Making cities more walkable has been an emerging challenge for many cities. In the case of Amsterdam, 30% of people walk in the city as their first mean of transport. Therefore, the challenge for the City of Amsterdam is not to promote walking but mainly to improve the walking experience of the residents, workers, recreational walkers and city visitors.
SpaceTraces developed this project for the City of Amsterdam to support the city’s first pedestrian policy, which was launched in May 2016. The goal was to investigate the “walkability” concept, adapt it to Amsterdam’s context and visualize it on a map in order to make (policy-related) decisions. The main tools used during this project were geographical information systems (ArcMap, QGIS and postGIS).
The exploratory phase of the project took several months and became the most relevant block of the study. SpaceTraces reviewed scientific studies on walkability, urban design and GIS projects related to walking, pedestrian studies and other policy products. SpaceTraces also gathered available datasets and carried out semi-structure interviews with the members of the “pedestrian knowledge circle”. Sketching sessions were organized to tackle the subjective component of walking as well. Many conclusions were drawn from this phase: the first one was the need to develop a digital pedestrian network for the city, which included both sidewalks and crossings.
Exploratory phase: level of detail in the analysis vs. geographical scale.
A novel method was designed and tested in a pilot area. The walkability phenomenon is best represented as a function of multiple input variables; therefore, the method is based on calculating walkability indices. The indices are defined in terms of comfort. Comfort, adapted to the Amsterdam context, is defined as the available space to walk on the sidewalks.

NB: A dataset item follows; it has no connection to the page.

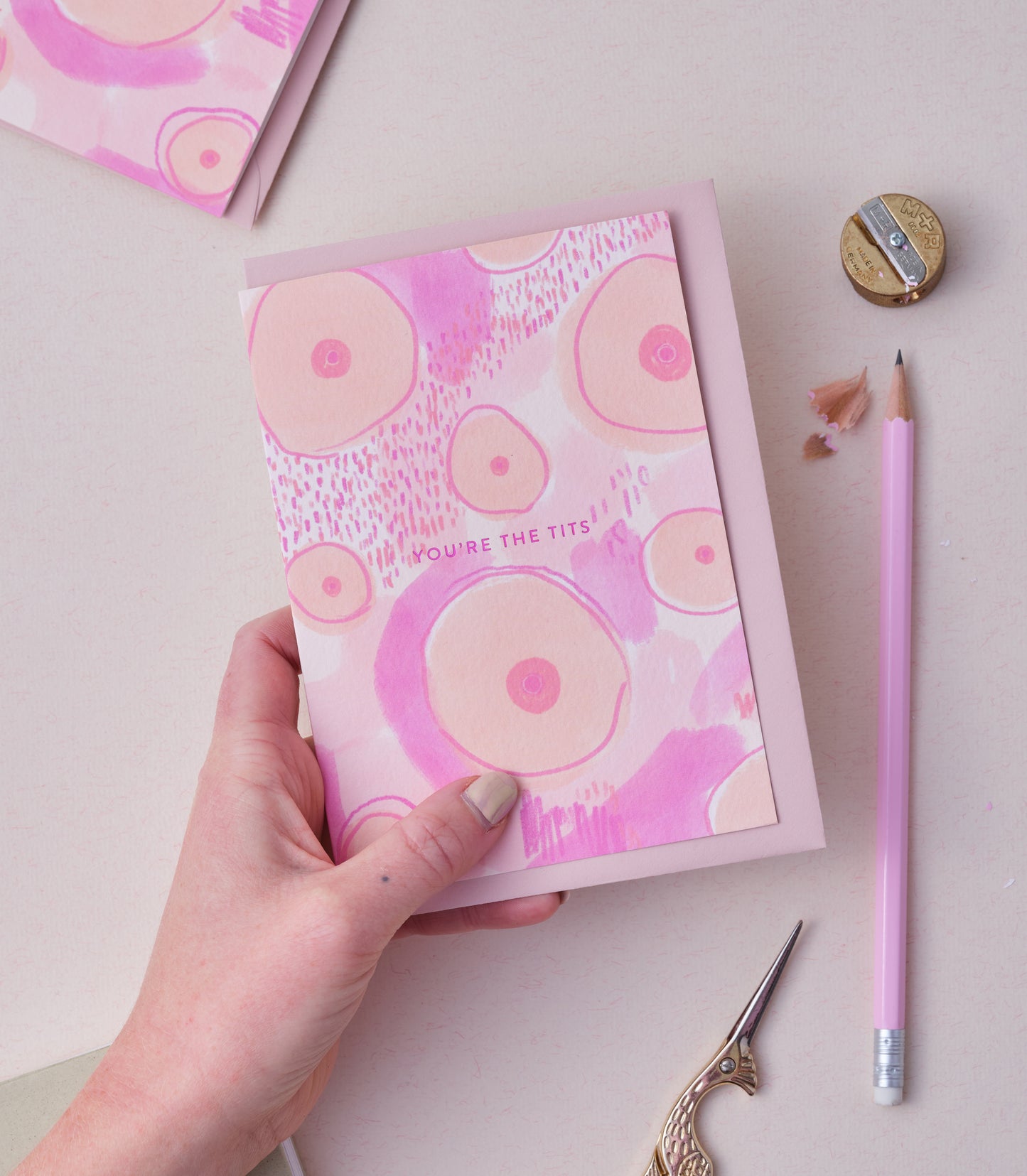 You're The Tits Greetings Card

The walkability indices are then calculated by contrasting the available walking space with the estimated level of use on each sidewalk.
Calculating walkability indices
Several variables (datasets) are used as proxies to calculate, on the one hand, the available walking space and, on the other, the level of use. Some of these variables include: sidewalk width, number of inhabitants, number of parked bikes, number of different non-residential land-uses (see image below), number of students, number of workers, SpaceSyntax analyses, and network analyses from transportation hubs.

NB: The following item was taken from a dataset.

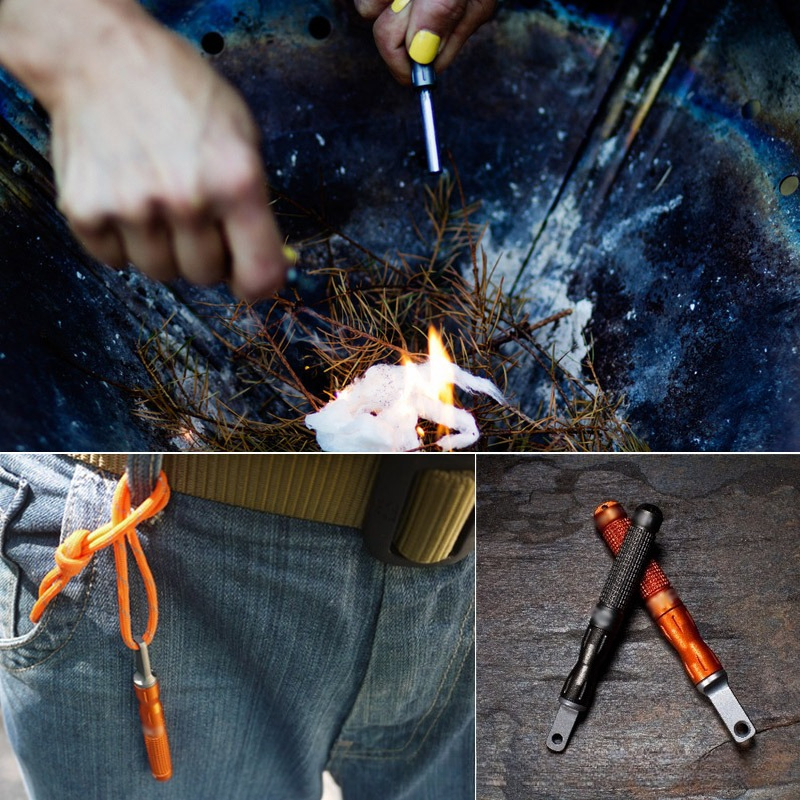 2PCS  Multifunctional Flint Wa - Magnesium Fire Starter บทวิจารณ์และราคา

Number of shops per sidewalk
Four types of level of use are calculated by combining the datasets differently. For instance, to calculate the “work-related level of use”, we combined the number of workers/students + number of offices + main routes from the metro stations [see image below].
Calculating the work-related level of use.

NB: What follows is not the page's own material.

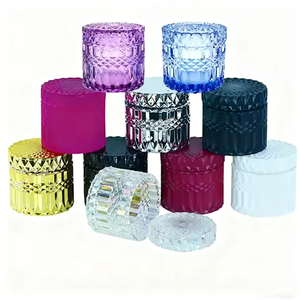 Boîte à bijoux en verre rétro moderne couvercle suspendu en métal <span class=keywords><strong>bougie</strong></span> lanterne intérieur extérieur décor <span class=keywords><strong>de</strong></span> noël <span class=keywords><strong>centre</strong></span> <span class=keywords><strong>de</strong></span> <span class=keywords><strong>table</strong></span> - Product Image 3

Depending on the type of use, we can establish each use’s peak time slots during the day. For example, the sidewalks with a high level of work-related use will likely be more transited during the morning and afternoon when people travel to and from offices than a recreational street, which will be mainly used while shops or cafes are open.
Different levels of use (from left to right): general, work-related, recreational and tourist.
The method and prototype were presented and discussed with several parties within the City of Amsterdam and, after minor adjustments, the effort was ready to be scaled-up to the rest of the city. The maps are now being used to develop other urban policies related to the management of public spaces.